Dabei ist sowohl die IKT-Landschaft als auch die Organisation und die Art der zu erbringenden Leistungen alles andere als homogen. Es herrscht ein «föderaler» Aufbau: Die Informatik wird je nach Aufgabenstellung von der Dienststelle selber, zentralisiert auf Departementsstufe oder gesamtkantonal betrieben. Gesamtkantonal zentralisierte Leistungen werden von den Zentralen Informatikdiensten (ZID) oder externen Dritten bezogen. Die Informatik trifft auf föderalistische und äusserst unterschiedliche Strukturen und Kulturen, auf sehr hierarchische wie etwa bei der Kantonspolizei oder auf eher partizipative wie bei den Schulen. Überlagert wird die Heterogenität durch die Tendenz, dass die IKT bedingt durch erhoffte Kostenoptimierung durch Skaleneffekte oder Verbesserung der Professionalität zunehmend zentralisiert und teilweise auch ausgelagert (Outsourcing) wird.

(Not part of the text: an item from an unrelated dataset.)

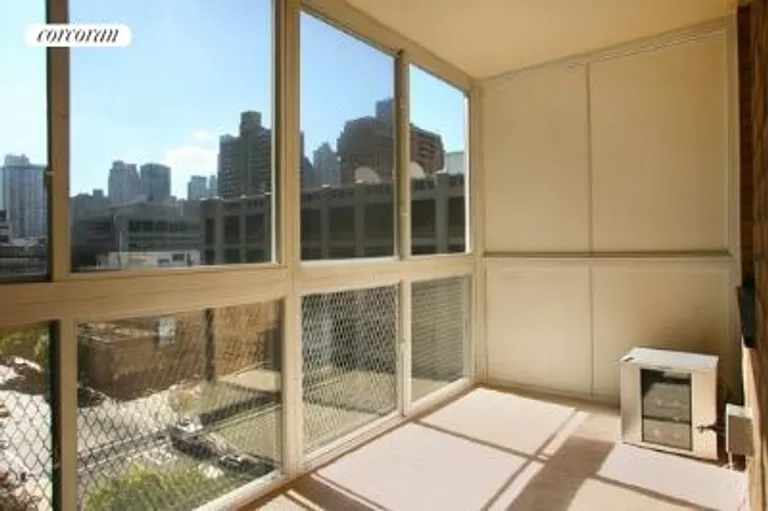 New York City Real Estate | View 303 West 66th Street, 10GW | Glass enclosed balcony | View 7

Diese Ausgangslage führt unweigerlich dazu, dass es schwierig bis unmöglich ist, die Risiken, die mit der IKT verbunden sind, in der Gesamtheit zu überblicken und im Griff zu halten. Es kann nicht gesagt werden, dass die Risiken aus dem Ruder laufen – aber auch nicht das Gegenteil. Eine Aussage zum Stand der Risiken ist schlicht nicht möglich, wenn beispielsweise ein An-wendungs- und ein Projektportfolio nur ansatzweise und nicht aktualisiert vorhanden sind.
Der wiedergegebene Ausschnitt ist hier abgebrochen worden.